So what exactly does this have to do with my current thoughts? Well, I have spent today attending the British Schools Forum (online rather than in Beijing) and listened to a fascinating talk about successful schools and successful leadership. According to research, the most important factor when achieving success is the culture of the environment and, subsequently, the initial key to this success is trust. Reflecting on my return to BISS three years ago, it was abundantly clear to me that, before we could move forward as a school, it would be my job to develop a sense of trust in each other and the leadership team. Maybe I am guilty of confirmation bias, or maybe it doesn’t matter. Trust is so important in any relationship. It wasn’t that my mother didn’t trust what my father was doing (although she may well have been right not to in some respects), it was that she didn’t trust the materials he was working with. If we don’t trust those around us, we cannot have a quality relationship with them and without that relationship we cannot have meaningful dialogue and so on. In a school, we have to trust that we are all striving for the same purpose, and to me, that purpose is for the children to have the best experience we can give them and, in turn enable them to succeed (in whatever form success looks like to them or for them).

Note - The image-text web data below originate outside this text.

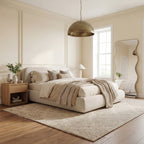 Afra Trellis Bohemian Hand Tufted Wool Rug | Sand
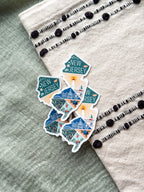 New Jersey State Sticker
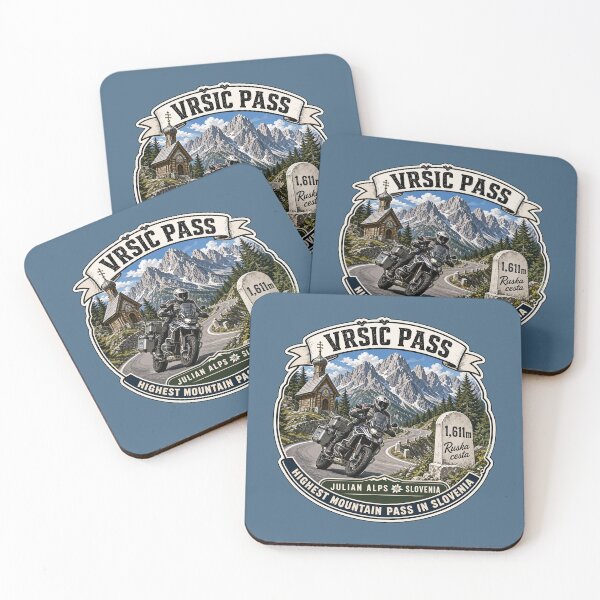 Item preview, Vrsic Pass Slovenia Vršič Pass Slovenia Motorcycle Sticker TShirt 03 designed and sold by OuterShellUK.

When I look back over my career and at my adult life, I both realise and appreciate the opportunities I have had where I have been trusted professionally and conversely how I have felt and responded in situations where I have not felt the same level of either personal or professional trust. I have also been reflecting on my personal propensity for ‘imposter syndrome’ and a lack of self-belief. One thing that has definitely changed in recent years is my ability to trust my own judgement. I don’t always get it right, but none of us ever do, and that’s ok. I know I am definitely more my authentic self when I am comfortable and, possibly most importantly, I trust myself and my own judgement. I also like to think I am also more successful, but I am purely judging that by the fantastic growth of those around me that I hope is, at least in part, down to me.
It’s drizzly, grey and miserable, but I wish you all a very happy Friday.
Music today is a Spotify recommendation – an acoustic version of Miss America from James.